▸ **What the task asks**: Copy out the listing exactly.

★ ★ ★

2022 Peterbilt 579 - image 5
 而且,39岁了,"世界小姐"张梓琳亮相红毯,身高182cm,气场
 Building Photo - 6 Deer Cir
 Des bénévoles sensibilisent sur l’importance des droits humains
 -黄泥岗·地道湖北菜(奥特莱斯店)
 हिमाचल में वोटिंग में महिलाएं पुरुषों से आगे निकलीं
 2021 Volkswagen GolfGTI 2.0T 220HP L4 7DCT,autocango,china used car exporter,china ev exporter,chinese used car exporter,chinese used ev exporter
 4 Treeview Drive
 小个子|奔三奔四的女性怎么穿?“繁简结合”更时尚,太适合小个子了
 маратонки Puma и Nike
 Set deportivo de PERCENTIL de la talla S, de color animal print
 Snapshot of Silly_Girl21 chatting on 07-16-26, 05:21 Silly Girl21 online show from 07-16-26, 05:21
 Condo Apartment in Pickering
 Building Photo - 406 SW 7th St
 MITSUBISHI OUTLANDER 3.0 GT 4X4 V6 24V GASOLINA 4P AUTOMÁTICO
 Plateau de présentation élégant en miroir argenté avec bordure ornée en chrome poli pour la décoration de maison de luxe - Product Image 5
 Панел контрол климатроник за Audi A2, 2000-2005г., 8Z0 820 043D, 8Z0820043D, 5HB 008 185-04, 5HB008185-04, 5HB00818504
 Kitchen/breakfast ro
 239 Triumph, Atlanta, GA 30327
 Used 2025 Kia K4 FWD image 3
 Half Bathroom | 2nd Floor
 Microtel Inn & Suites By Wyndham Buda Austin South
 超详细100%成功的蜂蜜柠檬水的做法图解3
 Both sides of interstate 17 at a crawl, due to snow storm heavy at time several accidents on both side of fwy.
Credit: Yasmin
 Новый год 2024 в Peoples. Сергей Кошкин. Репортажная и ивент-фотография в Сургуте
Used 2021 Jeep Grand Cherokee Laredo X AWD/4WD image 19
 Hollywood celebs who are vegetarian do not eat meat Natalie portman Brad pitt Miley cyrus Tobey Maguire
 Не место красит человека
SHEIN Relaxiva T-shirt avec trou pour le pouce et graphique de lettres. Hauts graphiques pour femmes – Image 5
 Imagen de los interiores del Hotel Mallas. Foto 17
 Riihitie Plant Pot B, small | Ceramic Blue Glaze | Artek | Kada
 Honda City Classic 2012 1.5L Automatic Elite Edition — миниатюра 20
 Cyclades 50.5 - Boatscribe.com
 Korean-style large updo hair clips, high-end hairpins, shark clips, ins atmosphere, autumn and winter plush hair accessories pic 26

★ ★ ★

▸ **Response box**:
2022 Peterbilt 579 - image 5
 而且,39岁了,"世界小姐"张梓琳亮相红毯,身高182cm,气场
 Building Photo - 6 Deer Cir
 Des bénévoles sensibilisent sur l’importance des droits humains
 -黄泥岗·地道湖北菜(奥特莱斯店)
 हिमाचल में वोटिंग में महिलाएं पुरुषों से आगे निकलीं
 2021 Volkswagen GolfGTI 2.0T 220HP L4 7DCT,autocango,china used car exporter,china ev exporter,chinese used car exporter,chinese used ev exporter
 4 Treeview Drive
 小个子|奔三奔四的女性怎么穿?“繁简结合”更时尚,太适合小个子了
 маратонки Puma и Nike
 Set deportivo de PERCENTIL de la talla S, de color animal print
 Snapshot of Silly_Girl21 chatting on 07-16-26, 05:21 Silly Girl21 online show from 07-16-26, 05:21
 Condo Apartment in Pickering
 Building Photo - 406 SW 7th St
 MITSUBISHI OUTLANDER 3.0 GT 4X4 V6 24V GASOLINA 4P AUTOMÁTICO
 Plateau de présentation élégant en miroir argenté avec bordure ornée en chrome poli pour la décoration de maison de luxe - Product Image 5
 Панел контрол климатроник за Audi A2, 2000-2005г., 8Z0 820 043D, 8Z0820043D, 5HB 008 185-04, 5HB008185-04, 5HB00818504
 Kitchen/breakfast ro
 239 Triumph, Atlanta, GA 30327
 Used 2025 Kia K4 FWD image 3
 Half Bathroom | 2nd Floor
 Microtel Inn & Suites By Wyndham Buda Austin South
 超详细100%成功的蜂蜜柠檬水的做法图解3
 Both sides of interstate 17 at a crawl, due to snow storm heavy at time several accidents on both side of fwy.
Credit: Yasmin
 Новый год 2024 в Peoples. Сергей Кошкин. Репортажная и ивент-фотография в Сургуте
Used 2021 Jeep Grand Cherokee Laredo X AWD/4WD image 19
 Hollywood celebs who are vegetarian do not eat meat Natalie portman Brad pitt Miley cyrus Tobey Maguire
 Не место красит человека
SHEIN Relaxiva T-shirt avec trou pour le pouce et graphique de lettres. Hauts graphiques pour femmes – Image 5
 Imagen de los interiores del Hotel Mallas. Foto 17
 Riihitie Plant Pot B, small | Ceramic Blue Glaze | Artek | Kada
 Honda City Classic 2012 1.5L Automatic Elite Edition — миниатюра 20
 Cyclades 50.5 - Boatscribe.com
 Korean-style large updo hair clips, high-end hairpins, shark clips, ins atmosphere, autumn and winter plush hair accessories pic 26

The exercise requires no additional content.